OTTAWA (Reuters) - Canada’s core inflation rate, which helps guide central bank interest rate decisions, unexpectedly slowed to a two-year low of 1.5 percent in December, leaving the door open for further rate cuts.
Core inflation, which excludes volatile items like gasoline and fresh produce, eased from 1.6 percent in November after prices fell 0.3 percent in the final month of the year.
Retailers came under pressure late last year to slash prices to lure back shoppers who were taking advantage of the stronger Canadian dollar by crossing the border to shop in U.S. malls.
The annual core rate matched that of December 2005. The last time it was lower was in July 2005 at 1.3 percent.
Analysts had forecast a 0.1 percent monthly decline in consumer prices and an annual core rate of 1.7 percent.
Total year-on-year inflation also eased in December, sliding to 2.4 percent from 2.5 percent in November. Prices edged up 0.1 percent on the month, in line with forecasts.
A moderation of the increase in gasoline prices and a decline in motor vehicle prices explained the softer number, Statscan said.
The Canadian dollar fell after the data to C$1.0094 to the U.S. dollar, or 99.07 U.S. cents, from around C$1.0061 to the U.S. dollar, or 99.39 U.S. cents. Bonds rose slightly.

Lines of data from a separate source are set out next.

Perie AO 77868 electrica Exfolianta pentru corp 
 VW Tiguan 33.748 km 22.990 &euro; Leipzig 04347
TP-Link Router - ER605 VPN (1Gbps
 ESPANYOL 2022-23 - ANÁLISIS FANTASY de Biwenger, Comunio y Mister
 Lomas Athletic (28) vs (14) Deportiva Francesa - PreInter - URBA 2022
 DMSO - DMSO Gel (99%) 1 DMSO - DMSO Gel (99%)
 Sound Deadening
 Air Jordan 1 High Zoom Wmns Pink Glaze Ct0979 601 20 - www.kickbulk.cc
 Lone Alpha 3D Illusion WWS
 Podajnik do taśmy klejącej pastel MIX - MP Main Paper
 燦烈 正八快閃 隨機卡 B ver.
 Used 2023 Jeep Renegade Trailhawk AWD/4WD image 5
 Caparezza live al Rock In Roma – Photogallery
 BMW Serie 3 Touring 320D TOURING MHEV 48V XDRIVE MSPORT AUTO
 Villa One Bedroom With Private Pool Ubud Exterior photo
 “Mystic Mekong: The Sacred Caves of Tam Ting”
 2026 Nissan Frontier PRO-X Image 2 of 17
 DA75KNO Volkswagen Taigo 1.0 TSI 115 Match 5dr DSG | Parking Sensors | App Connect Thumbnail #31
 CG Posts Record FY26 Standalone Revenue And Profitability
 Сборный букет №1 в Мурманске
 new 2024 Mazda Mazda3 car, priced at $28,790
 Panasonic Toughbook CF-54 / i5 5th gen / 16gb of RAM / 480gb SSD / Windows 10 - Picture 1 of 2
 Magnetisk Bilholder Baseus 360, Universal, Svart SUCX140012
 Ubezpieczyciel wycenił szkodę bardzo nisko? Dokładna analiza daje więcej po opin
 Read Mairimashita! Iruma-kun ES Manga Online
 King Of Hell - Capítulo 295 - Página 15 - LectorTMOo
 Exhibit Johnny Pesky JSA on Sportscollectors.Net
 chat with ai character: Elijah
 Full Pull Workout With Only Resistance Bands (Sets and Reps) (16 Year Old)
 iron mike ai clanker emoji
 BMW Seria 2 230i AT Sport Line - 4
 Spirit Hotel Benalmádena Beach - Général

But markets were not too surprised by the low price growth, which the Bank of Canada anticipated in quarterly projections on Thursday. The bank targets inflation at 2 percent but is comfortable with a range of 1 percent to 3 percent.
“I don’t think anyone in Canada is particularly worried about inflation getting in the way of a March rate cut,” said Stewart Hall, market strategist at HSBC Canada.
The Bank of Canada cut rates by a quarter-point on Tuesday for the second straight month and has signaled it will cut rates more in the future. Most primary securities dealers expect a half-point cut on March 4.
Low inflation gives the bank more room to slash rates to prop up the economy in the face of a growing risk of a U.S. recession. But Governor David Dodge suggested on Thursday strong domestic demand and capacity pressures could hold the bank back from aggressive rate cuts.
“It’s the battle of the Titans, with the Canadian dollar on one side and tight capacity on the other... A low unemployment rate and difficulty meeting demand just don’t seem to be relevant factors right now for Canada,” said Eric Lascelles, chief rates and economics specialist at TD Securities.
Most of the upward pressure on prices in 2007 came from gasoline prices, which rose 14.9 percent. However, that was down from the 17.6 percent increase in the 12 months to November.
Mortgage interest costs, homeowners’ replacement cost and food were also big contributors to inflation, while downward price pressure came from purchase and leasing of motor vehicles, computer equipment and supplies and fresh fruit and vegetables.
The bank sees core inflation at 1.4 percent in the first quarter and 1.3 percent in the second quarter before moving back up toward its target.
“It’s the risk of core inflation dipping below the 1 percent band around the 2 percent target that could get the Bank to ease more aggressively,” said Michael Gregory, senior economist BMO Capital Markets.